Without getting into the details of it, last week was kind of a tough one for me, and as a result I made the call to largely take a week off from writing and social media (with one little exception).
I found a little mental health space in a few places last week, including in the form of the soft-launched Tedium redesign (nose to the grindstone: always a good strategy), but one of the strangest sources for me was the never-ending font of strange jokes that is Norm Macdonald videos on YouTube. Norm, despite never really having a bigger spot on the marquee than the criminally underrated Dirty Work, was basically the greatest talk show guest of this or any generation.
If you were using the internet last week, this is no surprise. (A New York Times piece was written about this subject, for God’s sake!) But like a lot of you, I’m sure, I watched a lot of videos of Norm Macdonald on the internet—clips of Norm creating horrible jokes that eventually transcended their horribleness, making talk show hosts and guests feel like there was a bomb-thrower on the sage—and found it almost calming in a way.
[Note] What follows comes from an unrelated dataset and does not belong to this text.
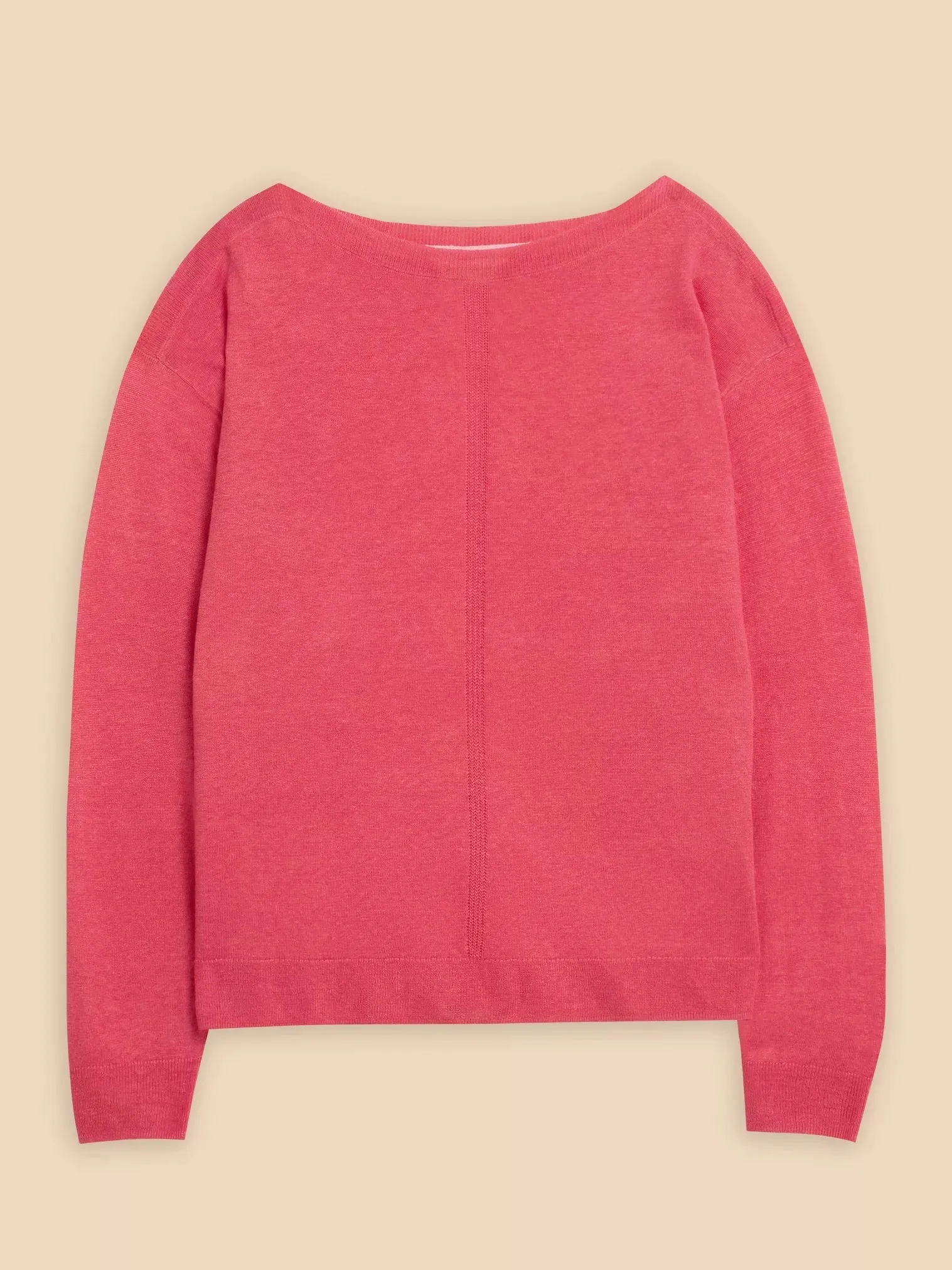 White Stuff Linen Crew Jumper Bright Pink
Norm had decades of material, much of it on late-night talk shows where he somehow excelled despite the fact that such appearances can be difficult to pull off so consistently.
Norm was the master of the anti-joke, a cultural role that made him “box office poison,” as he himself hilariously described another comedian. For one thing, the film role he’s best known for has a scene that revolves around dead hookers, not exactly the kind of thing that gets you roles in Pixar movies in your 50s. (Norm, instead, did a lot of voice work in foreign animated movies that were dubbed for the U.S. market, and had voice roles in five different Dr. Dolittle movies, only two of which Eddie Murphy actually starred in.)
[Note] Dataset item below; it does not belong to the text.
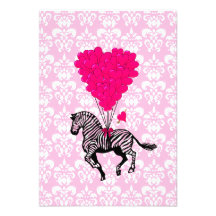 Vintager Zebra u. rosa Herzballone Individuelle Einladungskarte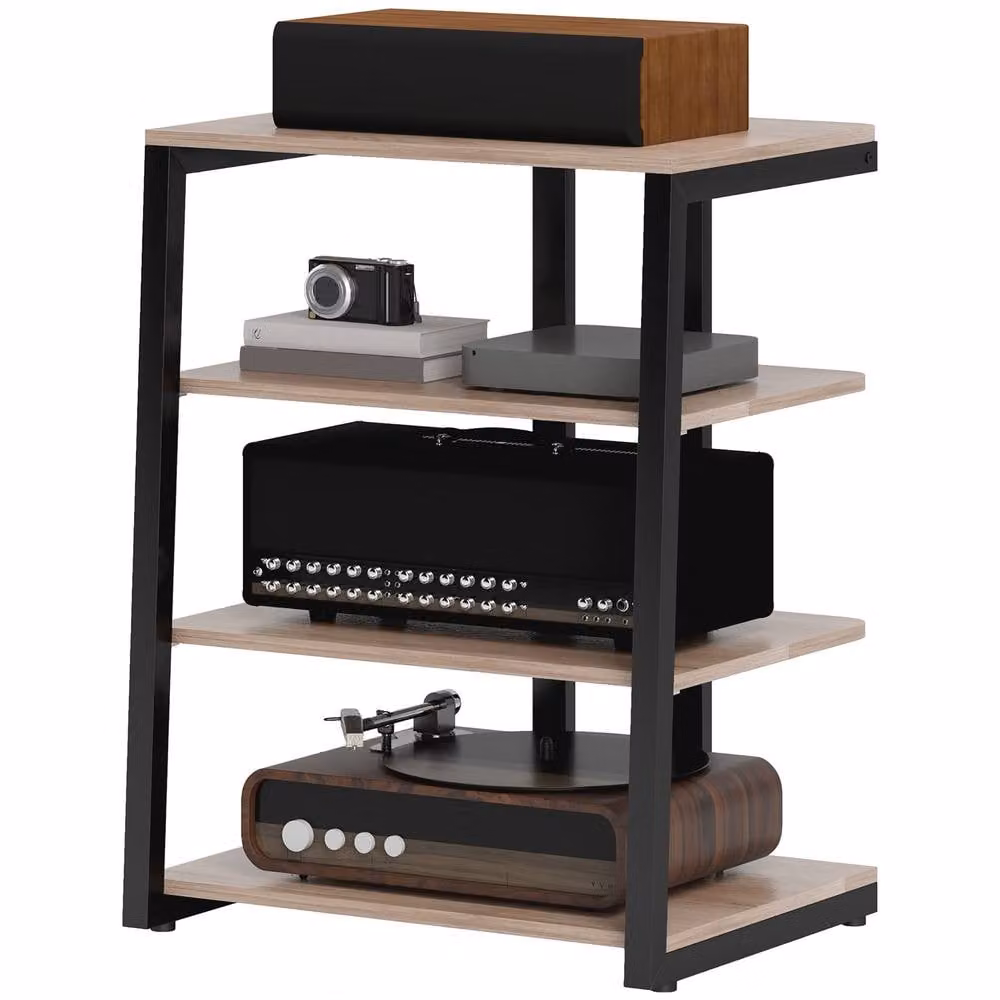 STILVORA Modern HiFi Rack with 4 Adjustable Media Compartments in Brown and Beige – 5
Norm was a great comedian, one of the best. The downside of being so great at one specific lane is that Hollywood didn’t exactly have a good spot to put him after he was unceremoniously fired from Saturday Night Live nearly a quarter century ago. Now, with podcasts and Twitter feeds and YouTube, there are alternate lanes someone who is excellent at comedy but not necessarily great at becoming a massive star could go besides spending the entire year on the road. (This problem also befell other comedians of his era, like Mitch Hedberg.)
But that meant that he could occasionally appear in some great spots in popular culture and totally kill it. Probably the one thing he’s best known for over the past decade is his role as Colonel Sanders in a KFC commercial series, a gimmick that helped modernize the brand.
The fact that he became so good in short servings, that he became a favorite of every talk show host of the 1990s and 2000s, and that they let him host a White House Correspondents’ Dinner at one point tells you everything you need to know about his greatness.
I’m just a little sad that I didn’t realize that watching so many of these videos and just laughing my ass off was an option before last week. I could have used him as a mental health salve many times before now, while he was still with us.